# [EXERCISE]
Nothing in the records may be altered, and no picture may be included. Restate them in full.

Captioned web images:
=== Begin Enclosure ===
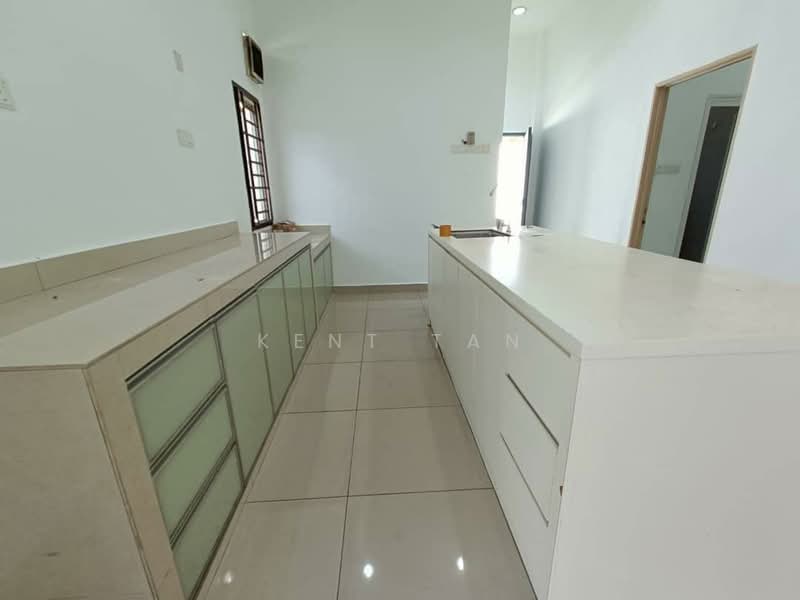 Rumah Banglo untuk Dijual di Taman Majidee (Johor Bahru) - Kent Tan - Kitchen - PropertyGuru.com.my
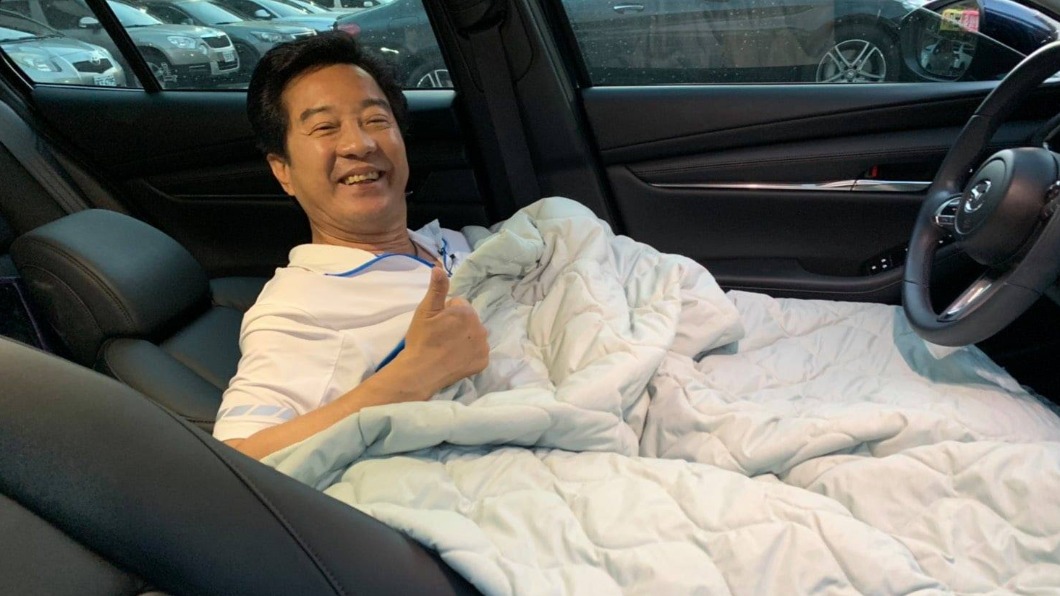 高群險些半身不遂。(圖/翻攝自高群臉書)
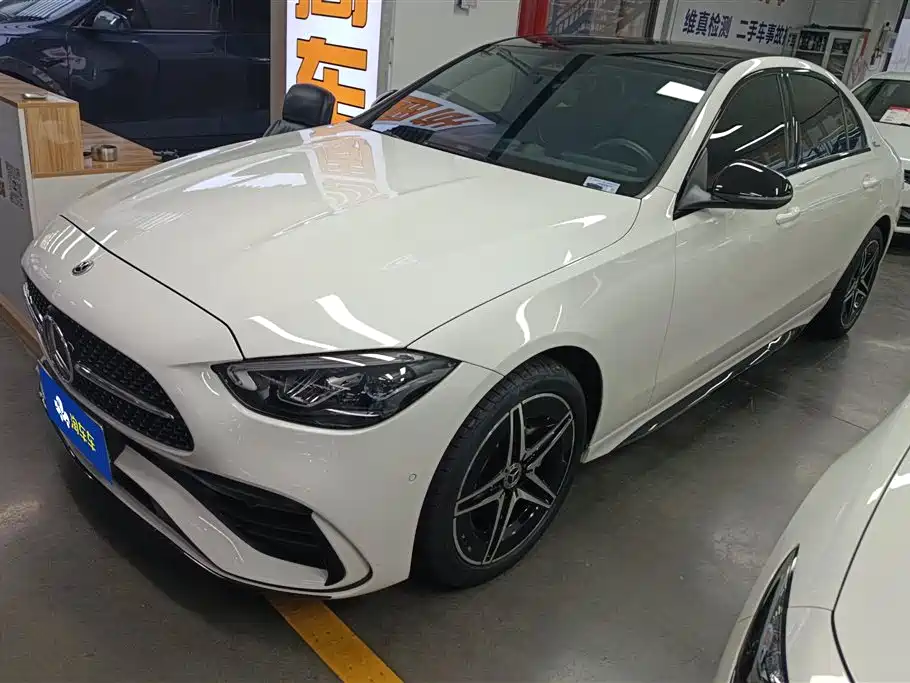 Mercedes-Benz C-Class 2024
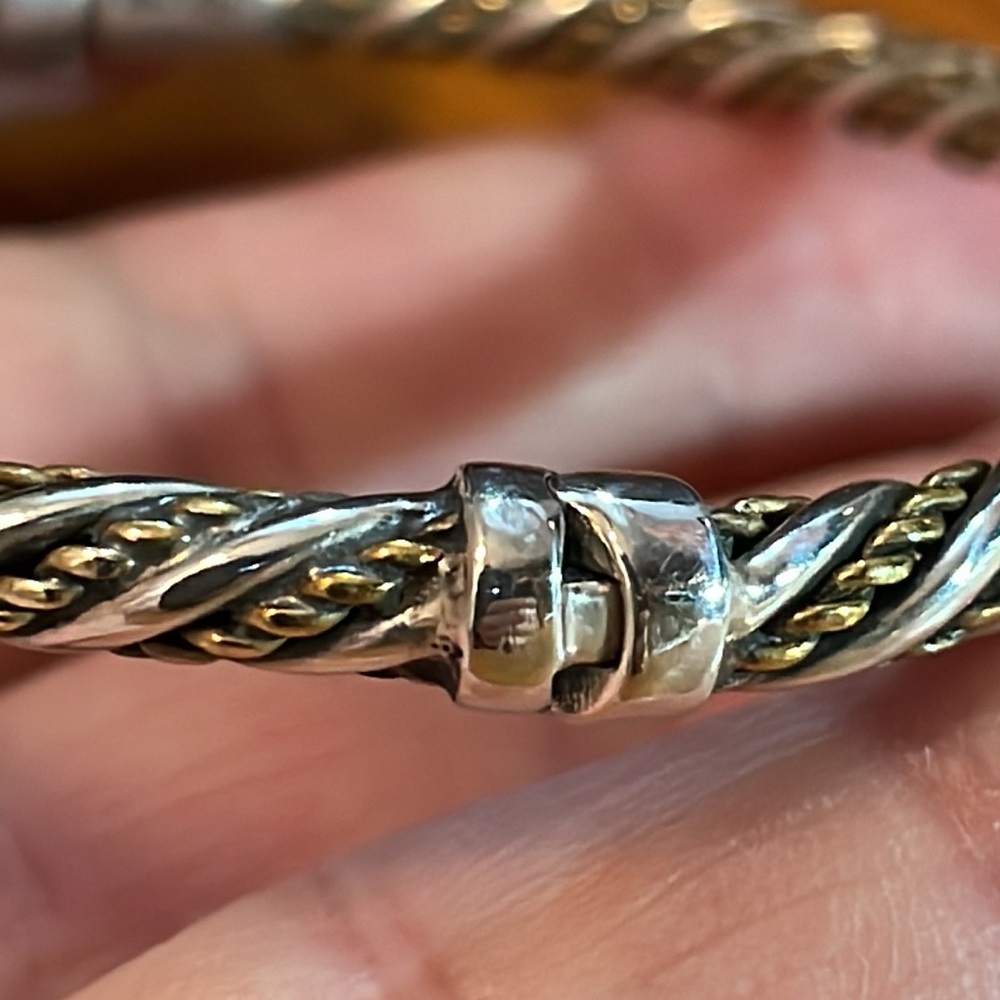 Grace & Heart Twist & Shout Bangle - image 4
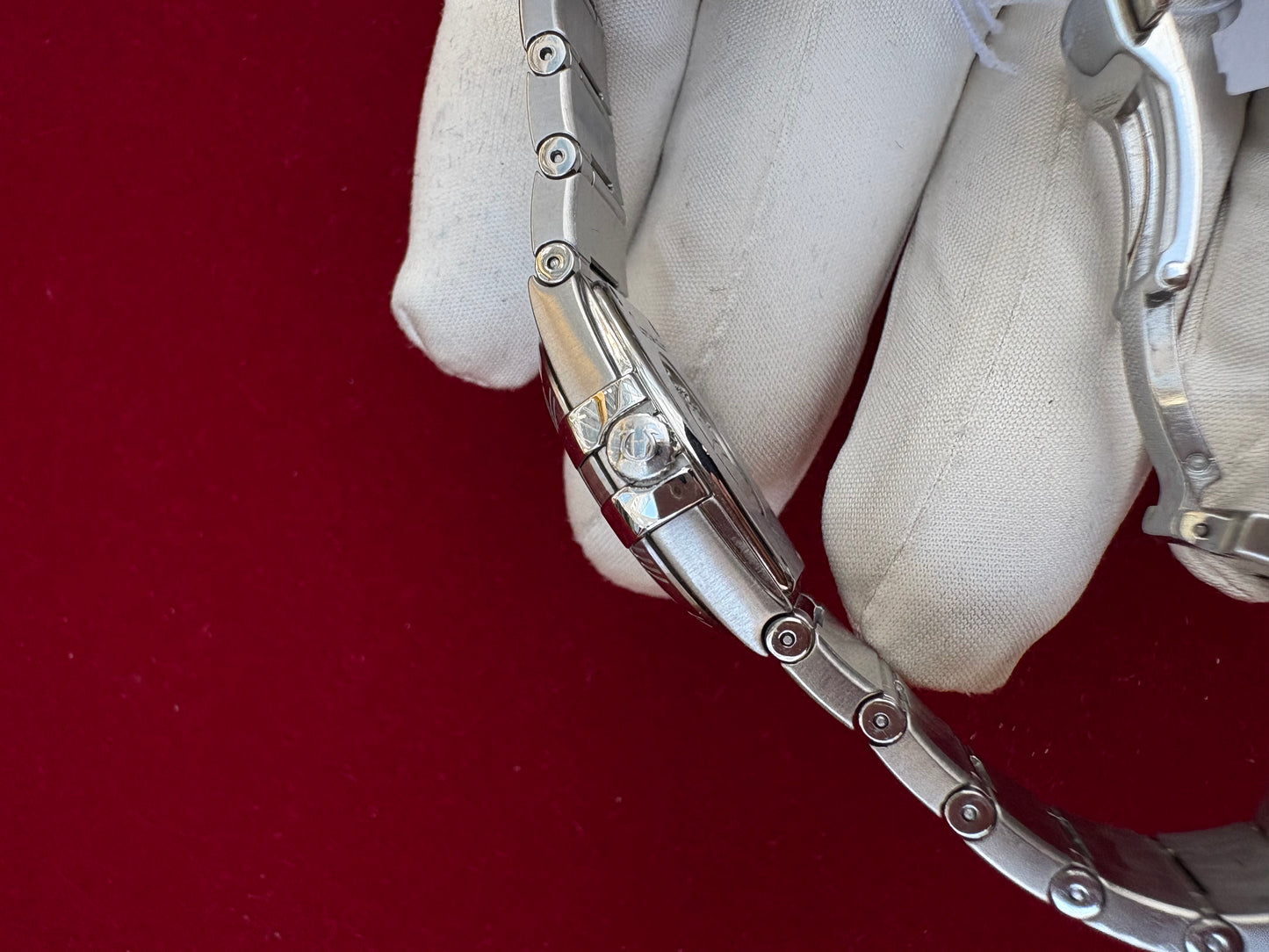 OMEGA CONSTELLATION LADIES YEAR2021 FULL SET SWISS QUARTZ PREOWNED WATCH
=== End Enclosure ===
# [ANSWER FOR THE TASK]
 Rumah Banglo untuk Dijual di Taman Majidee (Johor Bahru) - Kent Tan - Kitchen - PropertyGuru.com.my
 高群險些半身不遂。(圖/翻攝自高群臉書)
 Mercedes-Benz C-Class 2024
 Grace & Heart Twist & Shout Bangle - image 4
 OMEGA CONSTELLATION LADIES YEAR2021 FULL SET SWISS QUARTZ PREOWNED WATCH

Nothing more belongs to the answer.